Back in 1979, Ridley Scott stunned moviegoers with Alien. Then, he made another movie called Prometheus (I watched it three times in the cinema. Now, the visual storyteller returns to outer space – with a super-suspenseful saga of an astronaut accidentally stranded on Mars. I'm not a big fan of movie that was based on novels (exceptions was made for Harry Potter), but The Martian was one of the movie I really looking forward to watch because it's about space and humanity. Growing up being a Starkie wasn't a bad thing after all because somehow I'm very interested in space explorations and I believe that one day humans can travel wherever they wanted. We don't have the power to travel and know everything about this galaxy, but this kind of movie gives you an idea what it looked like out there. 

What follows is a very entertaining and pretty darn technically accurate story of how Watney tries to stay alive long enough to let Earth know he’s still among the living and figure out how to get rescued.  One of the things that sets this book apart from many others in the genre is the detail it goes into describing how Watney, who’s a mechanical engineer and botanist, applies his skills to survive.  Watney must figure out how to stretch 50 days of supplies to the nearly two years it will take for the next mission to arrive, how to communicate with Earth and finally how to traverse the Red Planet to the location of a possible rescue. I really enjoyed his sarcastic and sometimes rather dark sense of humor.  I suspect that would be a key survival trait for someone stranded on another planet! Get me this, can you imagine yourself living all alone in a deserted planet and you're the only living out there waiting to die? I keep asking myself this throughout the entire movie. I can't do anything that he did in this movie, let alone survive it for two damn years! I bet I'd die the second I know I was stranded and all alone.
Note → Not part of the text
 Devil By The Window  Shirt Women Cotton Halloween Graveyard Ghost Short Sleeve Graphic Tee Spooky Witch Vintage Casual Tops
One of the many lessons that I liked in this movie was those solutions didn't always work. Just like in the real world, not all of Watney’s brilliant ideas work out.  In fact, some of them prove to be nearly fatal, such as his first attempt to generate water from hydrozine.  Kids, don’t try this at home! Plus, can you imagine yourself mastering both science and engineering? It's a life bonus if you can master them both and applied it in our daily life.

Personally, one of the downers about this movie was they didn't actually captured the moment when they had a 'slingshot' to go back to Mars. I wanted to see their faces and how fast that capsule can travel with the help of gravity (just like in Interstellar). Remember in Armageddon when they had to go very fast their body ached and screamed like a bunch of mad men? I was looking forward for that scene in this movie when they mentioned they have to go back to Mars by using the laws of gravity in order to save their fuels, but I didn't quite get that expression I was searching for.
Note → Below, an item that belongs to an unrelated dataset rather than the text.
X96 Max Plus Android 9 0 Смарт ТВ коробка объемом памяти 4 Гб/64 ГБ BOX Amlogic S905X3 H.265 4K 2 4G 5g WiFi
It's possible to nitpick and complain about the structure of The Martian, but at the end of it all, I can't help but say I was inspired by it and that's what matters the most. Like Interstellar before it, deep down The Martian is all about telling the kids growing up now that, yes, you can dream about going to Mars. When we work together, or even when we're alone and determined – "where there's a will there's a way" – and we can accomplish anything, even the impossible. If everybody says it won't work, screw them, just go out and do it. I love that Ridley Scott is having fun with the sci-fi genre again. Go see The Martian and be inspired again.

p/s: Please stop comparing The Martian with Interstellar and biased by it. They are not the same, end of story.